Segment Start: Records provided

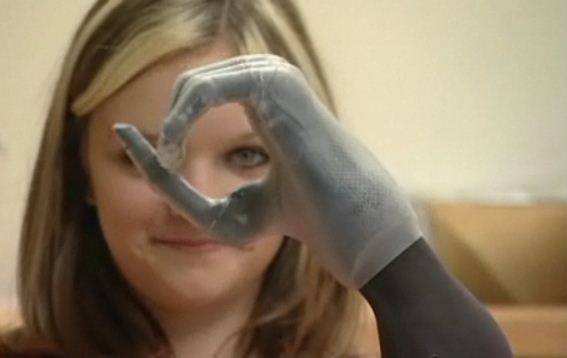chloe holmes bionic hand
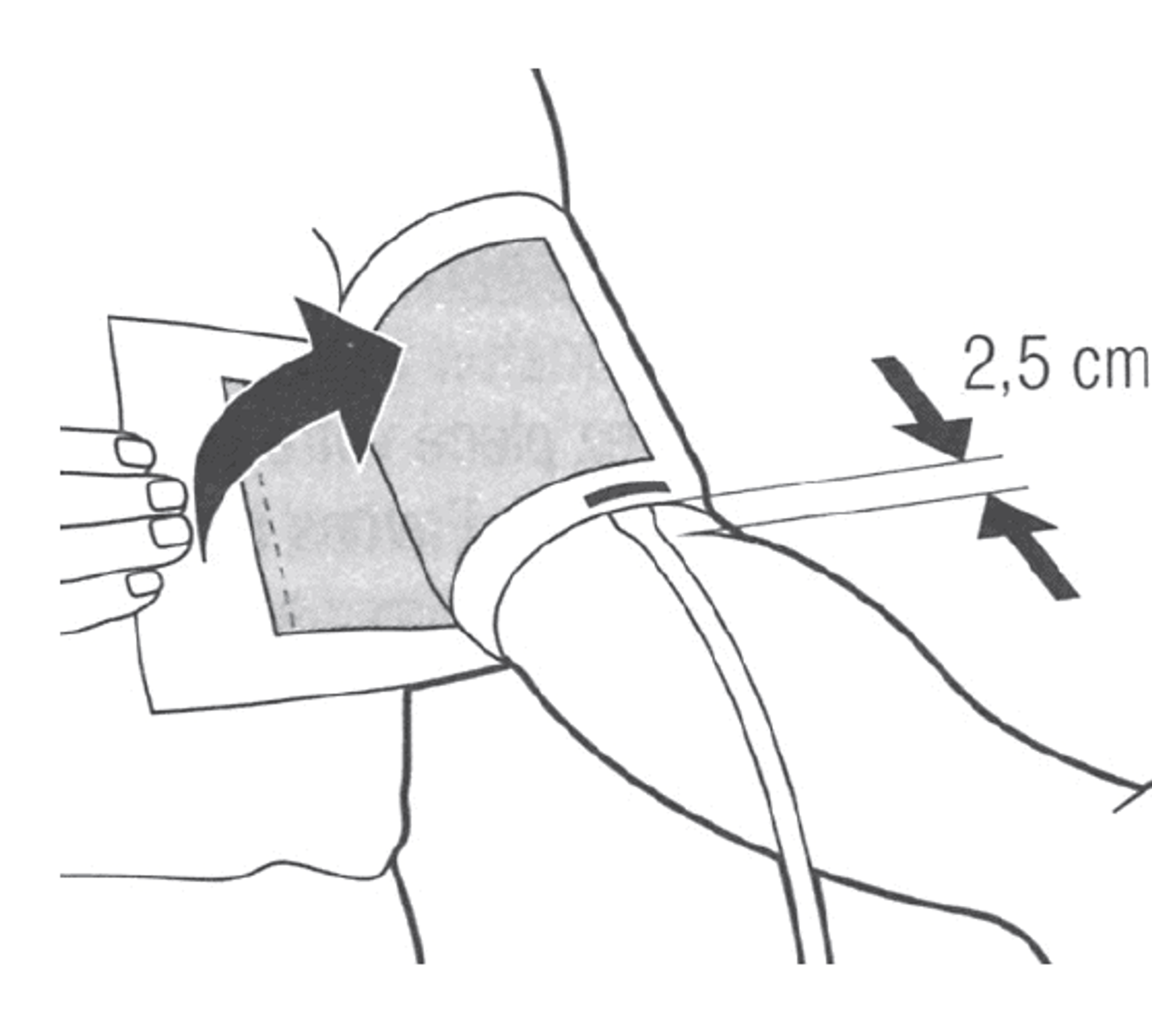 Dessin d’un brassard de tension sur le bras, avec un repère « 2,5 cm » au-dessus du coude.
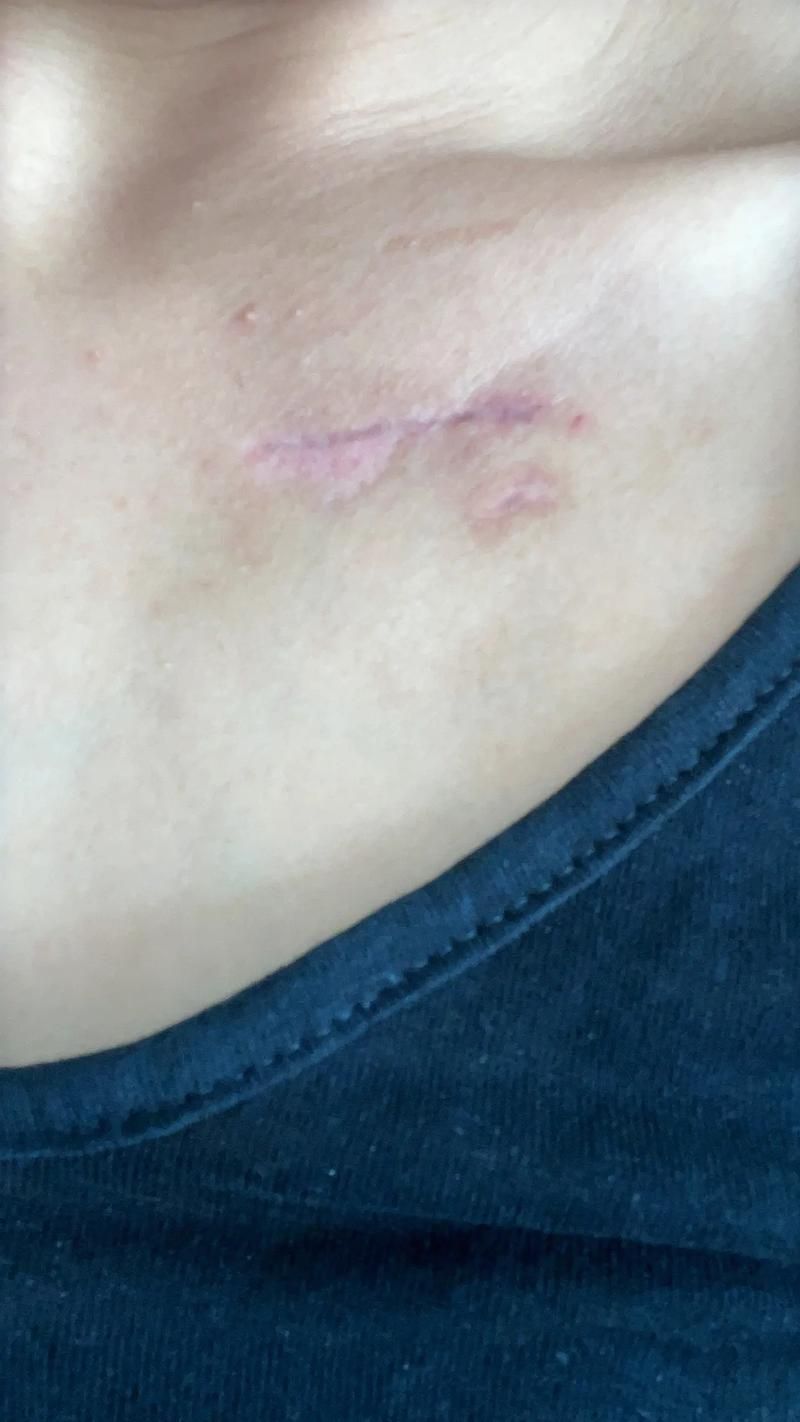 龍魚爛身手術后如何護理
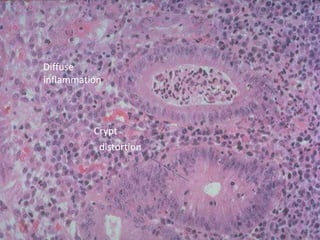 Diffuse
inflammation



          Crypt
           distortion
 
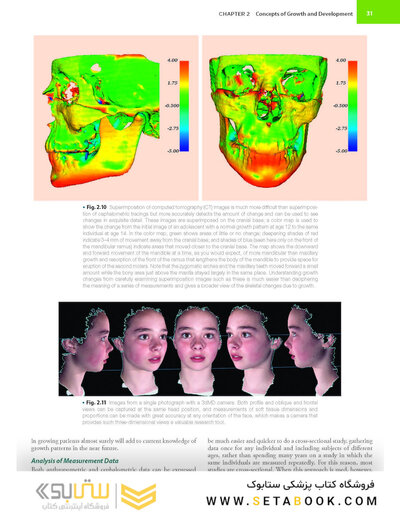 Contemporary Orthodontics 7th Edition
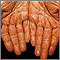 Pityriasis rubra pilaris on the palms Pityriasis rubra pilaris on the palms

Segment End: Records provided

### Task to carry out
Leaving out all pictures, print exactly the lines above from the one containing "inflammation" through the last line of the entries.

### Response box
inflammation



          Crypt
           distortion
 
 Contemporary Orthodontics 7th Edition
 Pityriasis rubra pilaris on the palms Pityriasis rubra pilaris on the palms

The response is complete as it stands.